--- Data segment ---

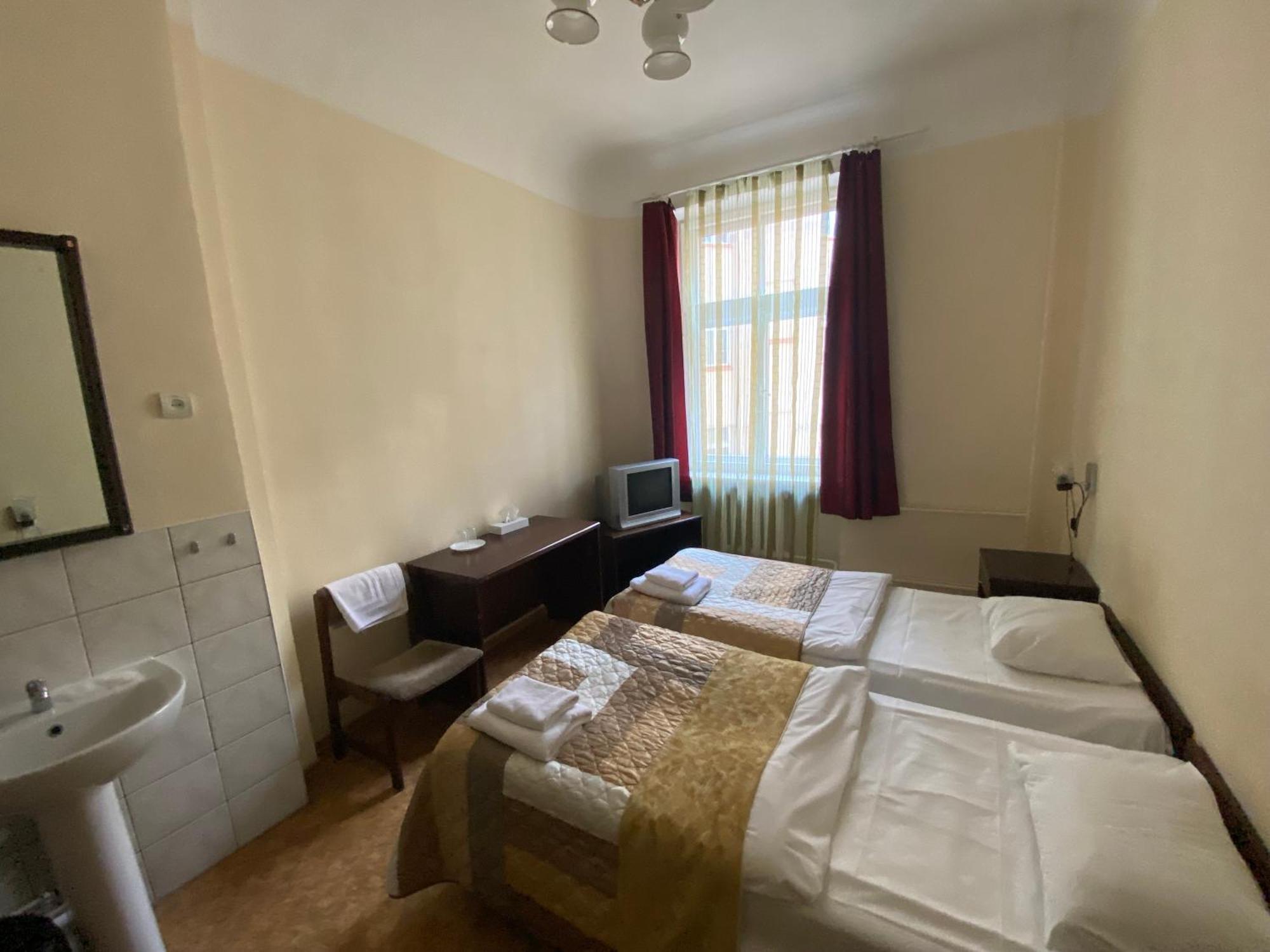 Hostel Viktorija With Private Rooms Riga Ngoại thất bức ảnh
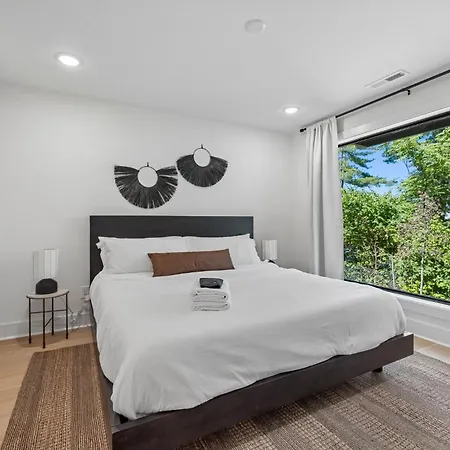 Holiday home Luxury Townhouse With Exclusive Rooftop Hot Tub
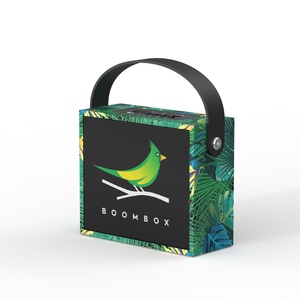 ลำโพงคาราโอเกะแบบพกพา รุ่นใหม่ ดีไซน์สร้างสรรค์ พร้อมช่องเสียบ USB แฟลชไดรฟ์ แบตเตอรี่ในตัว ตัวเครื่องทำจากไม้ หูฟังแบบมีสาย เหมาะสำหรับใช้งานกลางแจ้ง - Product Image 5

---

→ Problem details: All of the lines above must be repeated without alteration, though the pictures are to be excluded.

→ Task result:
 Hostel Viktorija With Private Rooms Riga Ngoại thất bức ảnh
 Holiday home Luxury Townhouse With Exclusive Rooftop Hot Tub
 ลำโพงคาราโอเกะแบบพกพา รุ่นใหม่ ดีไซน์สร้างสรรค์ พร้อมช่องเสียบ USB แฟลชไดรฟ์ แบตเตอรี่ในตัว ตัวเครื่องทำจากไม้ หูฟังแบบมีสาย เหมาะสำหรับใช้งานกลางแจ้ง - Product Image 5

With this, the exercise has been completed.